The amygdala and the hippocampus, structures in the brain that are involved in emotion, learning, and memory, have been found to play a role in a diverse range of mental disorders, such as attention-deficit hyperactivity disorder (ADHD), anxiety, depression, and schizophrenia.

Research investigating the development of these two structures has shown that differences in age, sex, and pubertal status affect the bulk volume of these brain structures. However, researchers have yet to understand the dynamics of volume and shape change that occur between childhood and early adulthood that contribute to the presentation of different mental disorders.
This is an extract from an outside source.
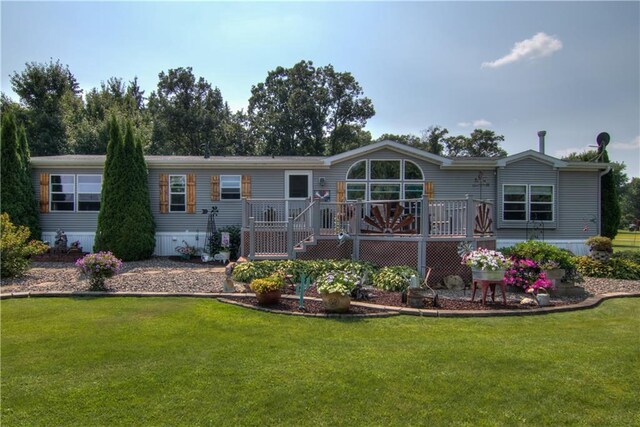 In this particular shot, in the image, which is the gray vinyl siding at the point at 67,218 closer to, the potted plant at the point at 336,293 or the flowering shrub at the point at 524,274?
the potted plant at the point at 336,293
Co-first author Ari M. Fish, a former Post-baccalaureate Research Fellow in the Developmental Neurogenomics Unit, part of the NIMH’s Intramural Research Program, said: “Because the amygdala and hippocampus have been so often implicated in psychiatric and neurodevelopmental disorders from childhood through young adulthood, it’s especially important to understand how brain development occurs in healthy people, so we have a stronger comparative framework for when the process goes awry in disease.”

Development of brain

To learn more about the growth trajectories of these two structures from childhood through early adulthood, researchers examined 1,529 structural magnetic resonance imaging (sMRI) scans collected from 729 participants between the ages of 5 and 25 in a large longitudinal single-site sMRI study of healthy development.

The researchers were particularly interested in determining whether there were any sex-based differences in the development of these brain structures, as many psychiatric and neurodevelopmental disorders that emerge during childhood, adolescence, and early adulthood do so unequally in males and females.
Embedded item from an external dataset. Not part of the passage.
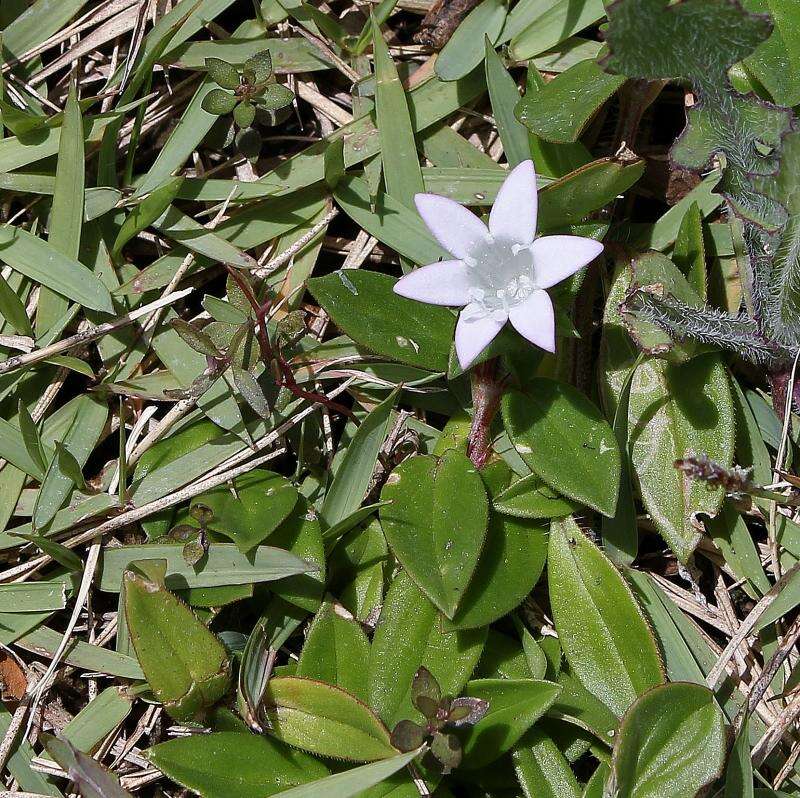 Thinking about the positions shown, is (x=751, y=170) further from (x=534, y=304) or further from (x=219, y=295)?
(x=219, y=295)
Author Armin Raznahan, MD, PhD, chief of the NIMH Developmental Neurogenomics Unit, said: “Our analyses focussed on trying to pinpoint key moments of anatomical change in each structure, and then comparing the ages at which healthy males and females reached these developmental milestones.

“We also used new shape analysis methods to better understand where typical development was most different between the sexes within each structure. This level of specificity is important if we want to ask how sex-differences in brain development might be relevant for sex-differences in risk for the emergence of mental health difficulties.”

Differences in sex

When researchers looked at the growth trajectories for the amygdala, they found statistically significant differences in the trajectory for volume growth between males and females. While both sexes experienced similar rates of volume growth in early childhood, this growth rate rapidly slowed in females around the age of 13. In males, the most rapid period of deceleration in growth occurred in their late 20s. Although still statistically significant, sex-based differences in the development of the hippocampus were less obvious, with males showing faster increases in hippocampal volume during their late teens compared with females.
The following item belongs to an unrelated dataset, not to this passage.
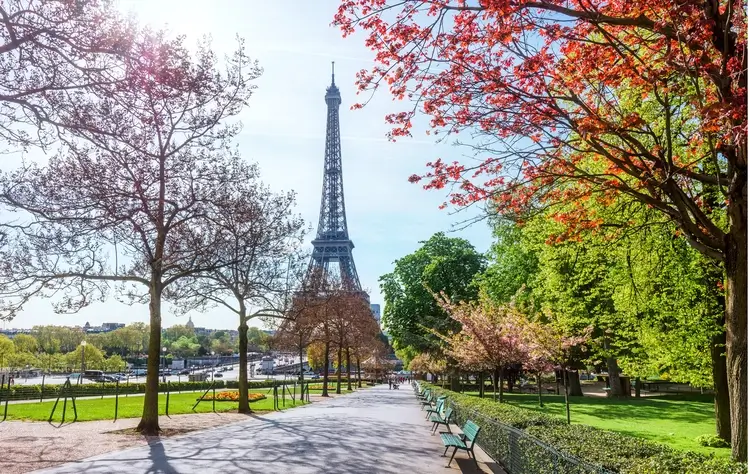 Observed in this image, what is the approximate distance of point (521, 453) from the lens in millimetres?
9336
When researchers examined the development of different parts of the amygdala and hippocampus, they found that the most prominent sex-biases in development overlay the centromedial nuclear groups (amygdala) and rostro-caudal extremes of CA1 and CA2 (hippocampus); subregions of the brain thought to be important for affective processing.

Raznahan said: “It is well established that adolescence is a time of dynamic sex-differences in psychiatric risk. Females become disproportionately impacted by mood and anxiety disorders as compared to males. At the same time, males show a steeper spike in rule-breaking or risk-taking behaviours relative to females.

“These differences might, in part, be contributed to by sex-differences in the relative timing of development for different brain systems. Our findings help pinpoint where and when we see sex-differences in developmental timing of brain regions that are important for socio-emotional functioning.”